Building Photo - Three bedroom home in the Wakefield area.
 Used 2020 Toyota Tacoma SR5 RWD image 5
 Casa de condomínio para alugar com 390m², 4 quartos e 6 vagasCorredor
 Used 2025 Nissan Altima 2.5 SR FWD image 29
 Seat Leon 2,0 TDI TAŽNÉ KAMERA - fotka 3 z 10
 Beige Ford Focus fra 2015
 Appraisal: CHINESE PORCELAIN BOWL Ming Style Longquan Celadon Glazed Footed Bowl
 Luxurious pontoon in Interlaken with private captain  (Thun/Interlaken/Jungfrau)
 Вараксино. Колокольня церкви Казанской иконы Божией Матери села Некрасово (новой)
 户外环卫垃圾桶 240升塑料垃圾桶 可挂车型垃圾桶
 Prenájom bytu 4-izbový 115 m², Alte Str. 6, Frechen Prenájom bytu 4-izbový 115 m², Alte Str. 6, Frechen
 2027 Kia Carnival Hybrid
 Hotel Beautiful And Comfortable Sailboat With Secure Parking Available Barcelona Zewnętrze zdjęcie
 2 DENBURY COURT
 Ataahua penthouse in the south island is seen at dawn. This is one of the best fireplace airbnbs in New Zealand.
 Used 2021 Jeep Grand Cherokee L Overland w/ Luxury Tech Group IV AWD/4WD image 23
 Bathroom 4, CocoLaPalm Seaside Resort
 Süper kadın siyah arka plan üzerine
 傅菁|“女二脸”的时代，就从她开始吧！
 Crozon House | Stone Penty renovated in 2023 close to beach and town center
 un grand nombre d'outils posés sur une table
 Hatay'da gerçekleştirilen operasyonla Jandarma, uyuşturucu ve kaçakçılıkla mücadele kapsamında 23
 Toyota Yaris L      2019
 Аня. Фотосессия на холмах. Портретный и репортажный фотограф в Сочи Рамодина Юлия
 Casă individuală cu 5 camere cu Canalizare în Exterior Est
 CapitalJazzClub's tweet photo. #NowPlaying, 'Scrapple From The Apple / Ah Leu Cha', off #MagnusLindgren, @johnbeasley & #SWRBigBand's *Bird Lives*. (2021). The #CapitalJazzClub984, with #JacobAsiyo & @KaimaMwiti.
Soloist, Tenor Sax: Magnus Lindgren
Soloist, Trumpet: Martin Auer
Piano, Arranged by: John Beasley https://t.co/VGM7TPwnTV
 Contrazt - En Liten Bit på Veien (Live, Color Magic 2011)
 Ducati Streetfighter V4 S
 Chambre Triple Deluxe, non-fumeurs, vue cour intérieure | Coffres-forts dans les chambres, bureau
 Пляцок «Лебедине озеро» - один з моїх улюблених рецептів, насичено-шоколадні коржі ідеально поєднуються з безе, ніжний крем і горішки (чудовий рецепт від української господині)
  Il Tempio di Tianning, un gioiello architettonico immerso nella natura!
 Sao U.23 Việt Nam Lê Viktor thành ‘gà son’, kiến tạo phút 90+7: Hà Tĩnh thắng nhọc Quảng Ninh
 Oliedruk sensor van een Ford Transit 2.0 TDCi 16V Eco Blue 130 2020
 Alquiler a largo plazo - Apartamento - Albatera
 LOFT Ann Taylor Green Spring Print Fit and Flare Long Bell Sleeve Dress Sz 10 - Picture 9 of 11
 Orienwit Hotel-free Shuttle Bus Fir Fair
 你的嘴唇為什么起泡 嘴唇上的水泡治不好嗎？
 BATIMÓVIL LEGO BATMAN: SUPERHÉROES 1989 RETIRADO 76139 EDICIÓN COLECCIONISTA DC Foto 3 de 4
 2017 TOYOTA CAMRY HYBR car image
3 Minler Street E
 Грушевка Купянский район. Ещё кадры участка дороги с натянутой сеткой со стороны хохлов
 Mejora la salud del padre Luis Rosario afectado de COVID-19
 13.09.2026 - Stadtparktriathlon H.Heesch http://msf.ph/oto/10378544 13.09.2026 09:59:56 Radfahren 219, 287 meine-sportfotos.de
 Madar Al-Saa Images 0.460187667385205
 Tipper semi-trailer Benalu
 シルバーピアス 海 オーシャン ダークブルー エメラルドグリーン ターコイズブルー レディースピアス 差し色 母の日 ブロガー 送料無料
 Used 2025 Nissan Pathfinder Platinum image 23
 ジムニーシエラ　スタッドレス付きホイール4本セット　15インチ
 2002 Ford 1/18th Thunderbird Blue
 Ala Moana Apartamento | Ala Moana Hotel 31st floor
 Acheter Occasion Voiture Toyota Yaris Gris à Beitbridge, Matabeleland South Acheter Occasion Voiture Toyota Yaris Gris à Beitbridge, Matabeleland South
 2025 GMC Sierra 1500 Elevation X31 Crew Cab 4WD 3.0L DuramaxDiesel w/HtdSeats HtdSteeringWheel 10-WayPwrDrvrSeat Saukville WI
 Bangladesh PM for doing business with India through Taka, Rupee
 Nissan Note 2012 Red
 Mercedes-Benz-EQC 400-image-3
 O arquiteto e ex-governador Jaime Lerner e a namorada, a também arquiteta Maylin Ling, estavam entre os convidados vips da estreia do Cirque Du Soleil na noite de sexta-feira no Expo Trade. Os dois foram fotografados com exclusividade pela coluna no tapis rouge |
◆ ◆ ◆ ◆ ◆
**The problem**.
Select and copy every line of the material that holds the string "Apartamento".

**Solution to this task**.
 Alquiler a largo plazo - Apartamento - Albatera
 Ala Moana Apartamento | Ala Moana Hotel 31st floor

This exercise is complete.